My sisters husband treated her to ome g.pigs, im pretty sure they are in a shop brought cage so i am going over sunday and i want to educate her into the world of c&c cages  god i sound like her mum lol even tho shes 4 years older them me 

i know she'll perfer them to the shop brought one because of the room for them. But i dont think she'll join a forum


----------



## emzybabe (Jun 30, 2009)

you can buy a box set for a 2x2 grid on ebay, Wickes also sell a very similar thing so it might be worth popping into a store. If her piggies are big then the plastic coated garden mesh available in B&Q/Homebase probably works out a little cheaper. 
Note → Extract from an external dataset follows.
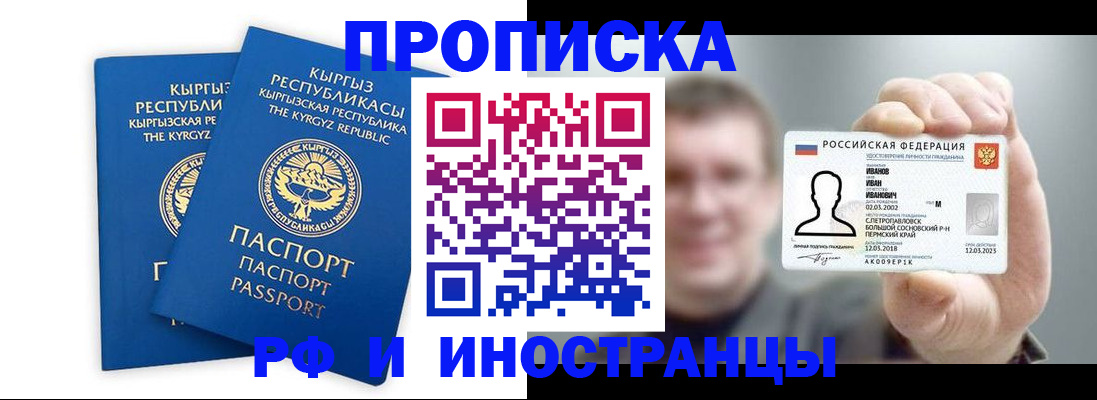 регистрация в Обнинске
If they cant let them have a room all to themselves then why not put them in metal run


----------



## xkimxo (Jan 4, 2010)

As emzybabe said eBay sell them but I thought about this before, what about those hamster playpens you can get, pet planet sell them cheaply and I'm sure you can break a few apart to make big area, could be a totally crap idea as they may be too low but just a thought.


----------



## Acid (Aug 8, 2011)

theres also a 30 grid set on ebay for £40


----------



## LostGirl (Jan 16, 2009)

Thank you will have a look at all, i didnt see any on ebay but i may looking for the wrong thing or using the wrong words 

they are female i know that much, I'll get photos on sunday, and i'll be looking after them when she goes on honey moon hopefully!


----------



## kat04kt (Sep 11, 2011)

Amazon - seller is Grundle - think he advertises them as pet play den. 

Bit more pricey but free delivery. 

xx


----------



## blade100 (Aug 24, 2009)

Go on the guinea pig forum look in the sale section as members on there often have some for sale.
I have a c&c cage it's made of 2x4 squares. So you would only need 12 squares and that makes it over 120cm long.think it's 140 cm long.
I use correx for the base then add newspapers, towels and fleece.


----------



## LostGirl (Jan 16, 2009)

thanks ive got a few weeks before i can buy anything, I cant wait to look after them more excited about that i think 

Hubby said "i bet after you've looked after them you'll bug me for some" :w00t: he knows me to well!


----------